“I lay upon the sofa and tried to interest myself in a yellow-backed novel. The puny plot of the story was so thin, however, compared to the deep mystery through which we were groping, and I found my attention wander so continually from the fiction to the fact, that I at last flung it across the room, and gave myself up entirely to a consideration of the events of the day.”
–Dr. Watson, “The Boscombe Valley Mystery” (Doyle 80)
Newgate novels, some of the first best-selling works of sensationalist crime fiction, eventually declined in popularity around 1840 after the trial B.F. Courvoisier. Courvoisier, convicted for the murder of Lord William Russell, declared he was inspired to commit this crime by the book Jack Sheppard and a play he had seen based on it. The press took this opportunity to defame all sorts of penny dreadfuls and other publications like Jack Sheppard, including Newgate novels (Panek 34).
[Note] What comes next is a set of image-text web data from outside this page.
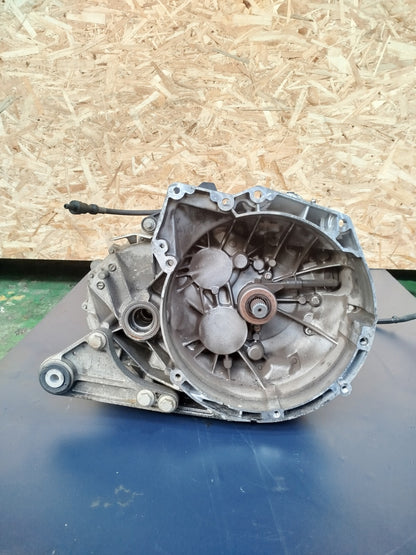 ebay-src:https://i.ebayimg.com/00/s/mtywmfgxmjaw/z/ntgaaosw4sbnniqb/$_57.jpg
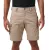 Шорти "5.11 Tactical® Icon 10" Shorts" Khaki
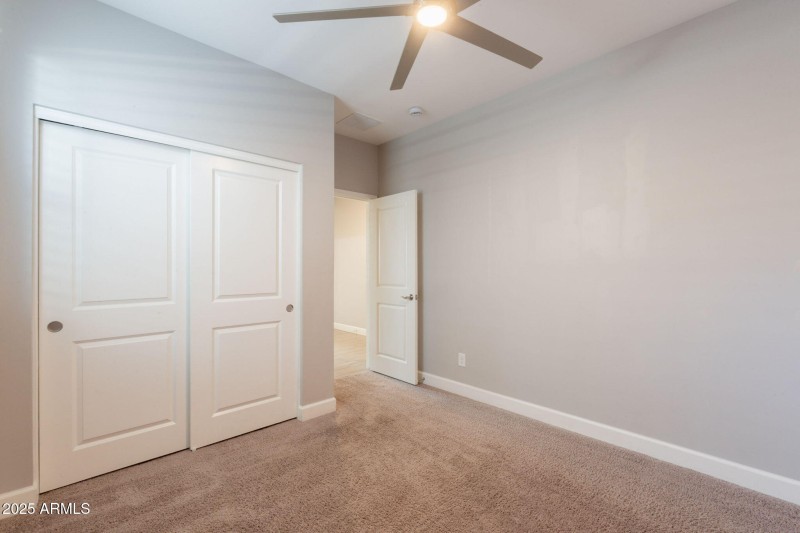 21-web-or-mls-Hazelnut-21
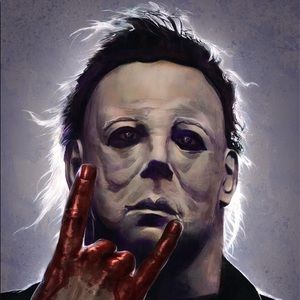 Meet your Posher, Al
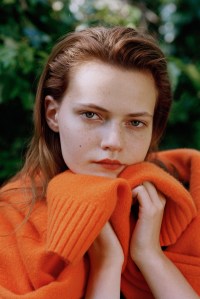 Pringle of Scotland Resort 2019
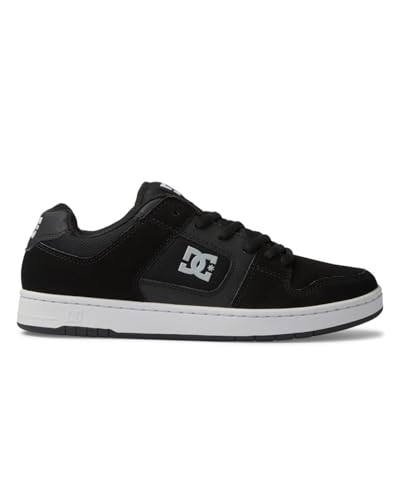 Image of DC Shoes Mens Dc Men's Manteca 4 Skate Shoe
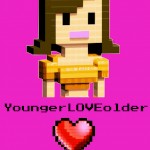 youngerloveolder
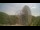 Webcam in Bad Münstereifel, 25.8 km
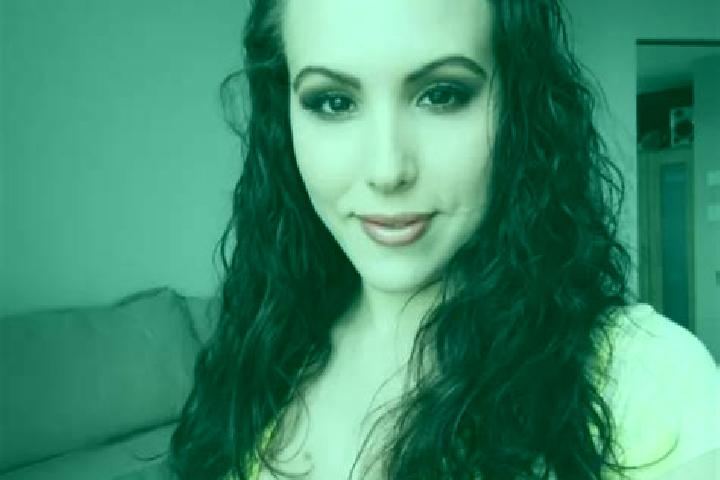Nora, 35, a black green-eyed mediterranean companion based in Fresney-le-Puceux. Offering Domination, Overnight, Tantra, Fetish. Available for incall and out...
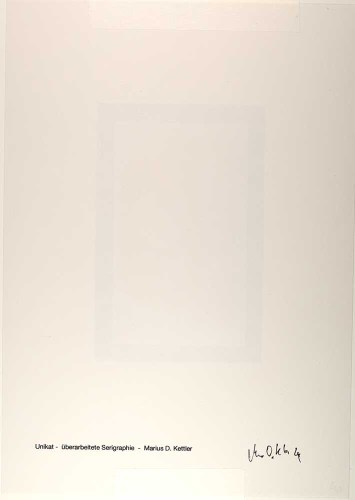 Marius-D-Kettler_Serigraphie_240418-13R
The emerging middle class, concerned with remaining upstanding, stopped reading these works and instead turned to more respectable sources like Charles Dickens during this period of “High Victorian Seriality” (Wiltse 106). However, as these authors stopped publishing serially in magazines nearing the 1880s and 1890s, this left an empty niche in many English publications.
Sir Arthur Conan Doyle’s Holmes stories perfectly fit the criteria necessary for a popular series. His stories were serial, but not in the same way that past literature had been. He stuck to no single storyline, but his stories were independent and did not require much background knowledge of the characters or specific situations in which they might find themselves. However, even though they did not necessarily have to keep up with one specific plot line, readers grew attached to characters like Holmes and Watson and bought issues of The Strand in order to see what happened to them next (Wiltse 108).
Even though his Holmes stories appealed to the masses, Doyle specifically targeted them toward the middle class. The Strand’s biggest market was railroad commuters, typically middle-class workers who traveled into the city daily, and they often sold in newspaper stands at railroad stops. In order to preserve this market, the editor of The Strand, George Newnes, deliberately kept sensationalist works out of his paper. At the time, members of the lower class were specifically known for devouring literature that was simply bad: poorly written and sensational to the maximum. Therefore, in order to distance themselves from the lower class, members of the middle class read “wholesome” literature to “improve… [their] cultural health” (Pittard 2).
Even the illustrations done by Sidney Paget to accompany Doyle’s stories went against the established norms of sensationalism as seen in broadsides and less tasteful publications. Paget refused to depict crime directly and continually denied readers the full scene of the actual story by cutting off the visual plane at a mangled body’s point of interest or showing a body at a distance so the gore was not clear (Pittard 12).
Though Doyle himself did not think his Holmes stories were at all his best work, he did value them over works done by others at the time. As Christopher Pittard writes, The Adventures of Sherlock Holmes was “not high art, but hygienic for its reader-consumers” (Pittard 2).